Research and development expense increased $739,000, or 30%, to $3,240,000 in the three month period ended March 31, 2003 from $2,501,000 in the three month period ended March 31, 2002 and increased $1,271,000, or 22%, to $7,017,000 in the six month period ended March 31, 2003 from $5,746,000 in the six month period ended March 31, 2002. These increases are primarily due to expenses incurred by the Company related to the development of, and preparation of an NDA for, trospium, and expenses related to the development of pagoclone partially offset by a decrease of noncash expense related to a stock option grant and modifications of stock option grants in fiscal 2002. The Company expects to incur significant additional costs in fiscal 2003 related to trospium, including clinical trials to explore further certain attributes of trospium and the development of extended release formulations.

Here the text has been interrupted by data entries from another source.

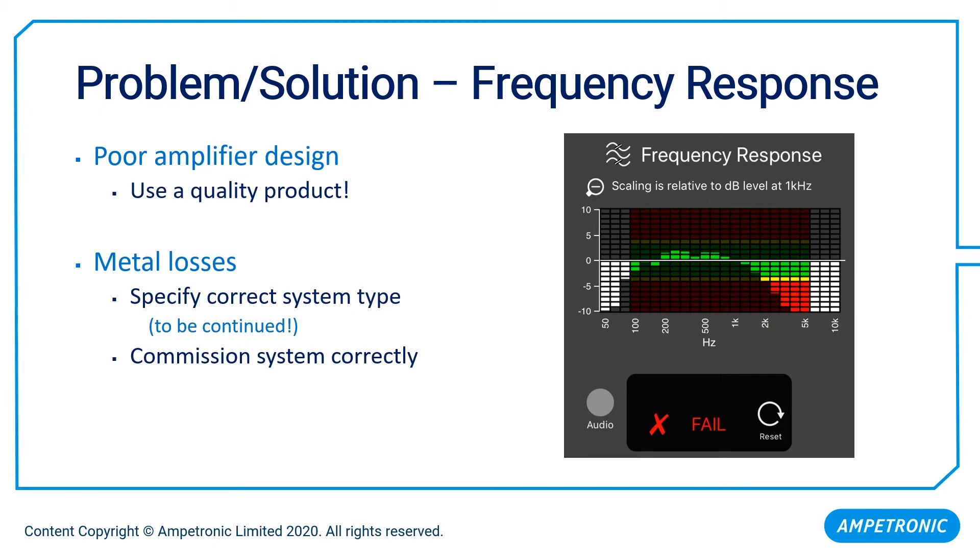The solution to that is to make sure you use a quality loop product. The secondary issue is metal losses — and you'll see this subject coming up over and over again, irrespective of the quality of the product. We could take the same system and put it in a non-metal environment and it would work perfectly; shift it into a room with metalwork and suddenly we have a problem. The solution is to make sure we have the right type of system specified and that the system is correctly commissioned.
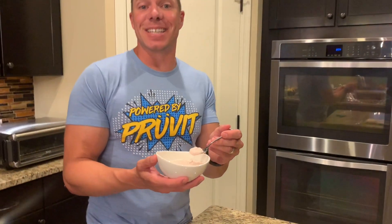What's happening, everybody? It's KetoDad here, and today we made strawberry ice cream that's keto-friendly and delicious. Check this one out, you're gonna love it. Let's go ahead and get started.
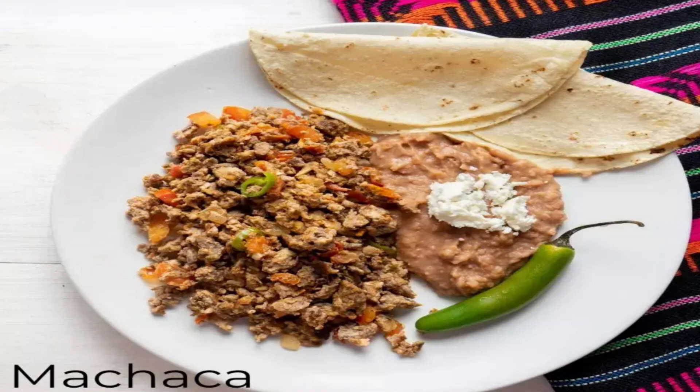Ingredients: 1 lb. boneless beef chuck, 1 cup water, 6 peppercorns, 1/4 medium onion, salt, 1 garlic clove, 1/4 teaspoon salt, 1 tablespoon vegetable oil, 1/2 medium onion, 1 California chili pepper, 2 small tomatoes, 1/4 teaspoon ground cumin, fresh ground pepper.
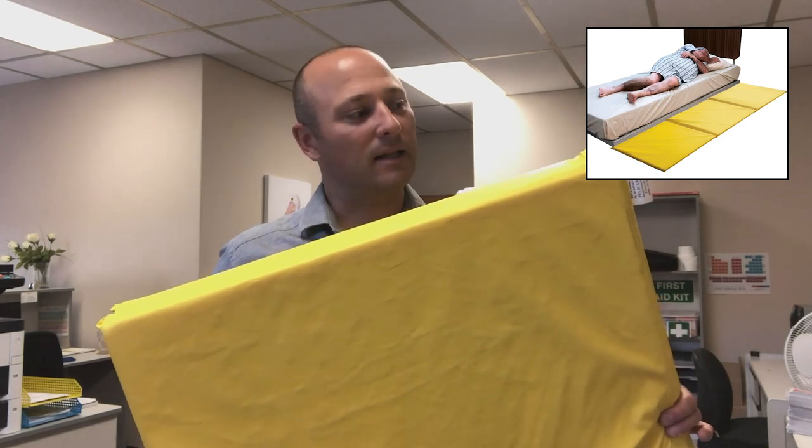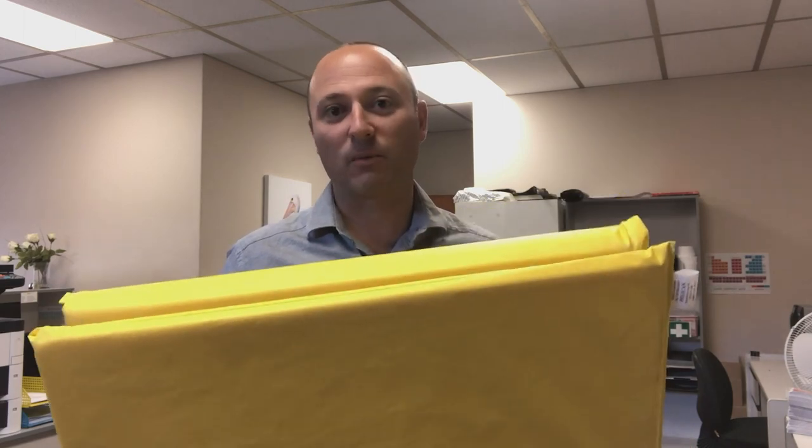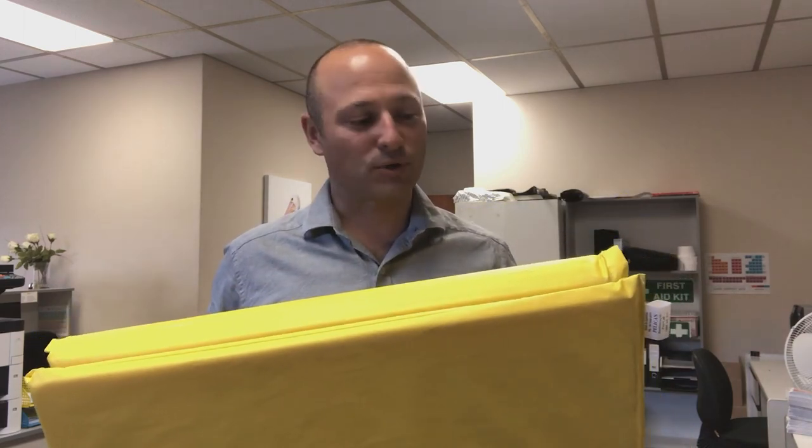Hi, it's Tom here from Pelican with another new product update. This is the budget bed format. Lately on the market there are quite a few very cheaply priced imported bed formats, and we're trying to come up with a product to compete at that price level.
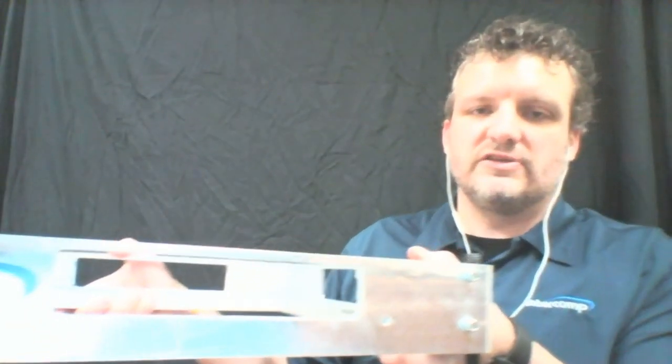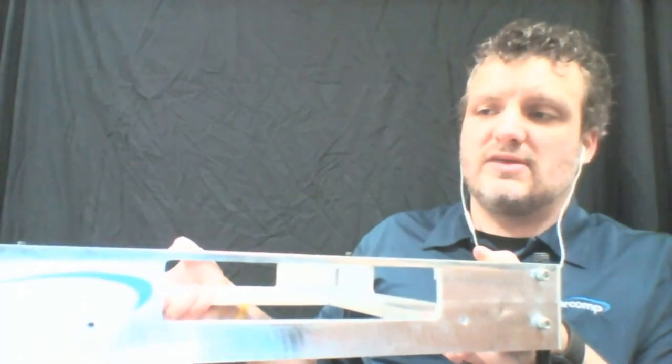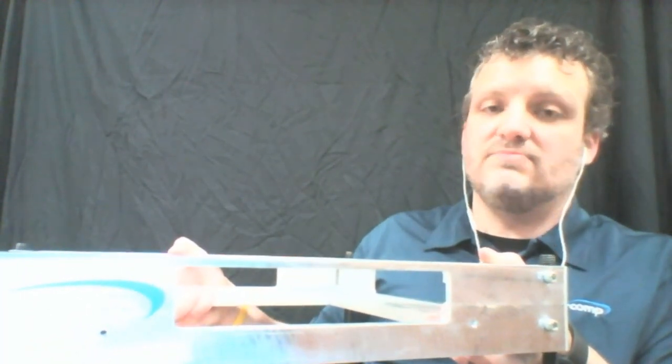Thanks Dave. So earlier this year we did come out with a new leveling — a new scale pad leveler that is constructed of CNC billet aluminum.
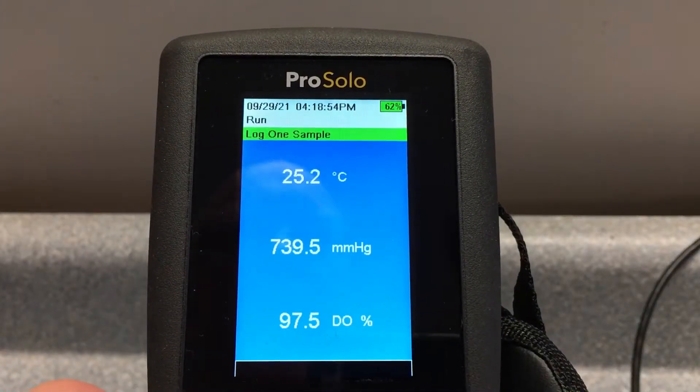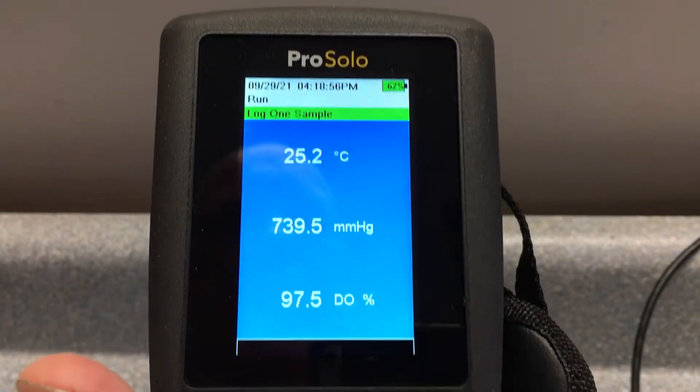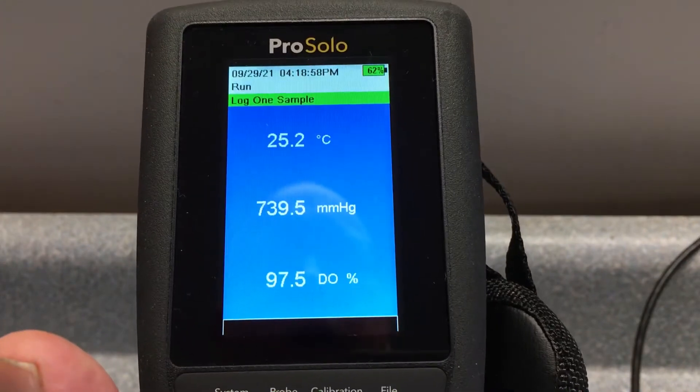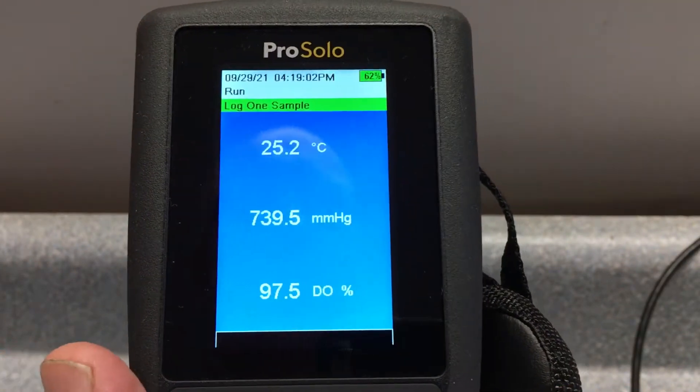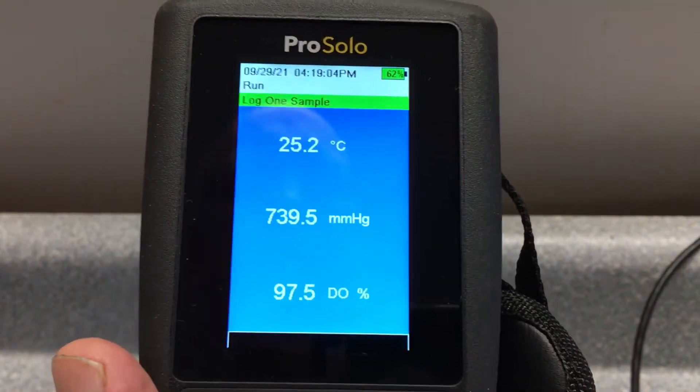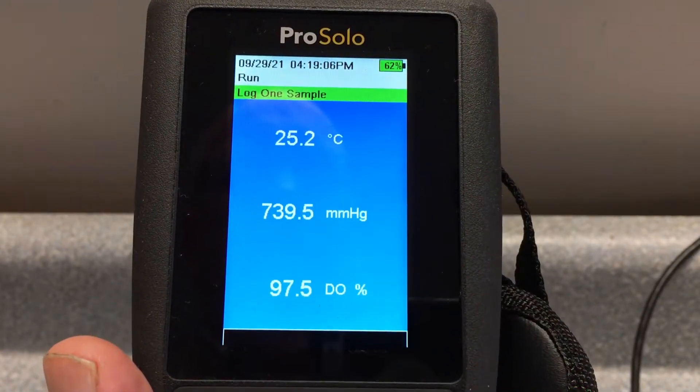Today we're looking at the YSI Pro Solo handheld, and we're going to take a look at just a couple things related to some basic setup. I'm going to walk through the menu system and do a simple calibration.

General and administrative expense decreased $445,000, or 17%, to $2,160,000 in the three month period ended March 31, 2003 from $2,605,000 in the three month period ended March 31, 2002 and increased $434,000, or 10%, to $4,617,000 in the six month period ended March 31, 2003 from $4,183,000 in the six month period ended March 31, 2002. The decrease in expense in the three month period is primarily due to the nonrecurrance of noncash expense related to modifications of stock option grants to directors and officers in fiscal 2002 partially offset by increased legal costs. The increase in expense in the six month period is primarily due to increased legal costs, pre-marketing costs related to trospium, and increased insurance, occupancy and consultant costs partially offset by the nonrecurrance of noncash expense related to modifications of stock option grants to directors and officers in fiscal 2002. The Company expects to incur increased trospium pre-marketing costs in fiscal 2003.
Investment income decreased $139,000, or 47%, to $159,000 in the three month period ended March 31, 2003 from $298,000 in the three month period ended March 31, 2002 and decreased $176,000, or 33%, to $350,000 in the six month period ended March 31, 2003 from $526,000 in the six month period ended March 31, 2002. These decreases resulted from reduced market interest rates on lower weighted average invested cash balances.
For the three month period ended March 31, 2003, the Company had a net loss of $(2,966,000), or $(0.06) per share, basic and diluted, compared to a net loss of $(4,808,000), or $(0.10) per share, basic and diluted, for the three month period ended March 31, 2002. This decreased loss is primarily due to the increased revenue partially offset by an increase in total costs and expenses as described above. For the six month period ended March 31, 2003, the Company had a net loss of $(8,397,000), or $(0.18) per share, basic and diluted, compared to a net loss of $(6,754,000), or $(0.15) per share, basic and diluted, for the six month period ended March 31, 2002. This increased loss is primarily due to increased research and development and general and administrative expenses as described above.
The Company expects to report losses for its consolidated operations for fiscal 2003.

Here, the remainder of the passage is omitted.